The demise of the U.S.S.R. and the explosion of new fields like genomics and artificial intelligence beginning in the 1980s and 1990s have made it far more difficult for any single person to give high-level advice on a range of subjects. Potential threats, from cyberattacks on power grids to designer plagues, proliferated in the post-Soviet era, demanding highly specialized expertise. Some scientists, like May, have a gift for identifying the best sources of such advice. His advantage was that so much of today’s science, from climate analysis to evaluation of financial systems, relies on the modeling tools with which May himself made his reputation.

Sadly, the effects of Alzheimer’s disease kept May from contributing to the debate on the novel coronavirus in early 2020. He was one of the few people who could have bridged epidemiological and economic models—one of his later papers was on the 2008 financial crisis and the complexity of derivative trading—to evaluate alternative strategies.

The open question now is the future of the “best science” approach of May, Fauci and others.
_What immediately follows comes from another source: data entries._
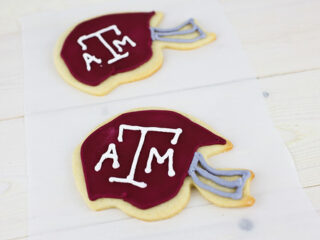 Two cookies shaped like football helmets with maroon icing and ATM written in white. They have gray icing details resembling helmet faceguards. The cookies are on a white paper on a light wooden surface.
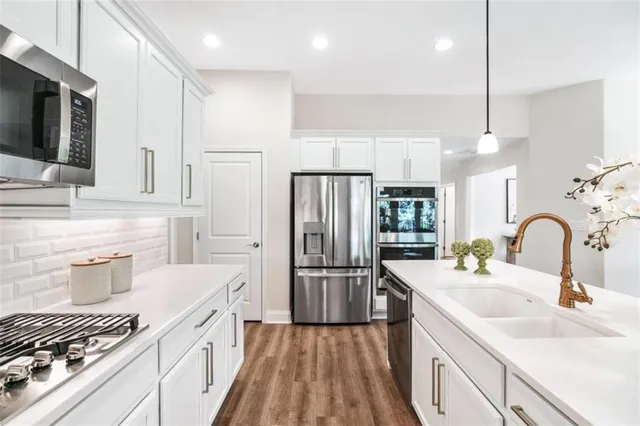 a kitchen with a sink stainless steel appliances and cabinets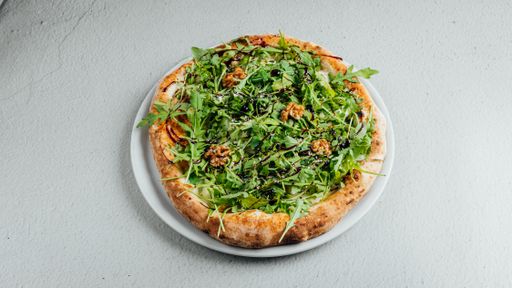 A delicious freshly baked homemade pizza with cheese, walnuts, and rucola on a white plate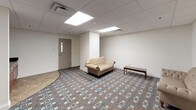 This single-floor space is a well-appointed, self-contained room designed to serve a variety of functional purposes, whether as a lounge, waiting area, or gathering space. The room is finished with a distinctive geometric-patterned carpet in muted tones of brown, blue, and cream, adding a layer of visual interest to the otherwise neutral interior. The walls are painted in a clean, off-white tone that contributes to a calm and professional atmosphere throughout.

The drop ceiling is fitted with large recessed panel lights that provide bright, even illumination across the entire room. A structural column near the center of the space subtly divides the room into distinct zones without closing off the open feel. A set of heavy-duty double doors with push-bar hardware serves as the main entry point, suggesting this space is part of a larger facility.

Along one side of the room, rich dark-wood cabinetry with dark granite-style countertops provides built-in storage and workspace, lending a touch of warmth and practicality to the space. The seating area features a tufted cream-colored sofa and matching chair alongside a simple wooden bench, creating a welcoming lounge environment. A secondary interior door offers additional access. The overall design is clean, functional, and well-maintained, suited for professional or communal use.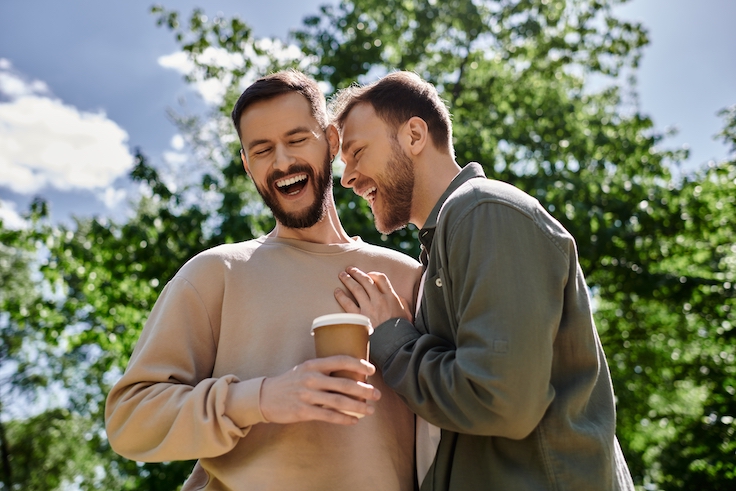 Two bearded men, a gay couple, share a laugh while enjoying a coffee together in a lush green park.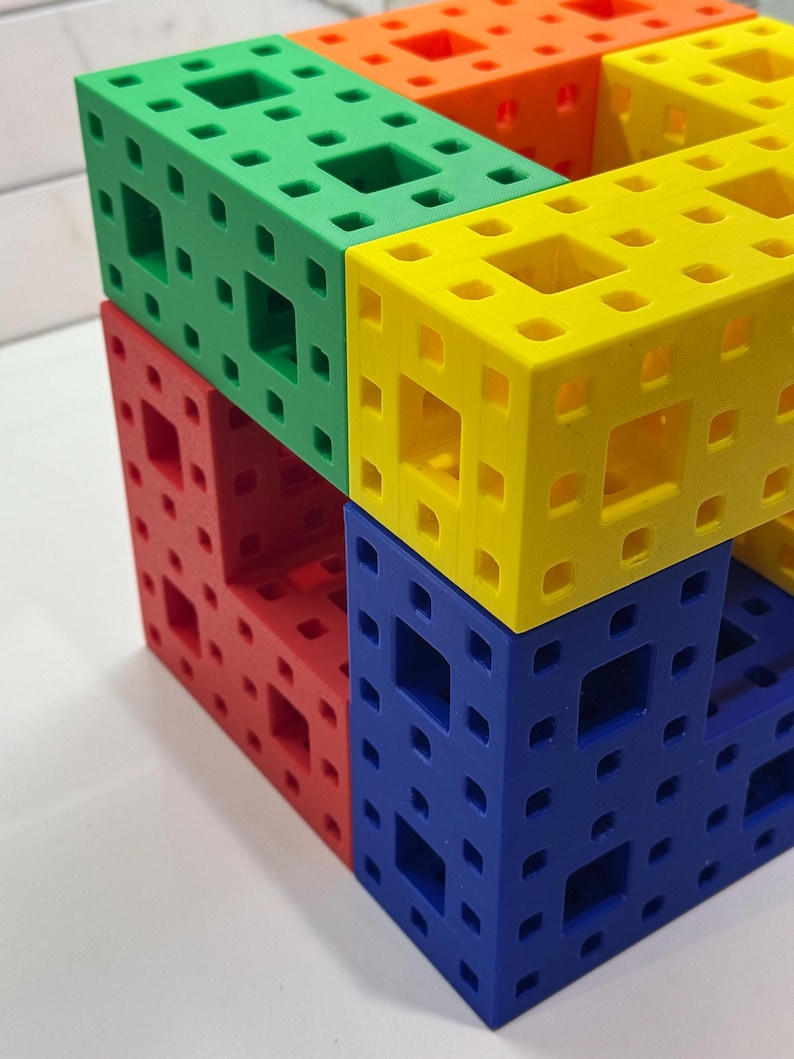 May include: A multi-colored cube made of interlocking plastic pieces. The cube is made of four different colors: green, yellow, red, and blue.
So far, public opinion polls have revealed a deep and growing respect for such scientists. Still, there has been growing concern in the scientific community of a backlash as scientific recommendations are blamed for economic catastrophe. Experts once presented recommendations privately, however vigorously they lobbied for them. Today’s presidential science advisor needs to be not only a brilliant scientist and skilled bureaucratic infighter but a media personality in his or her own right.

Yet that role can appear to undermine the ultimate decision power of elected officials. Britain under Boris Johnson has no true successor to May under the Conservative John Major as well as the New Laborite Tony Blair, but a largely secret advisory committee—unlike the open if contentious relationship between Donald Trump and his advisors.

Perhaps May, with his mix of professional distinction (the Copley Medal he received from the Royal Society is even more exclusive than the Nobel Prize), versatility and unshakeable self-confidence, was the last of a breed. If so, it is unfortunate news for Britain, America and the world.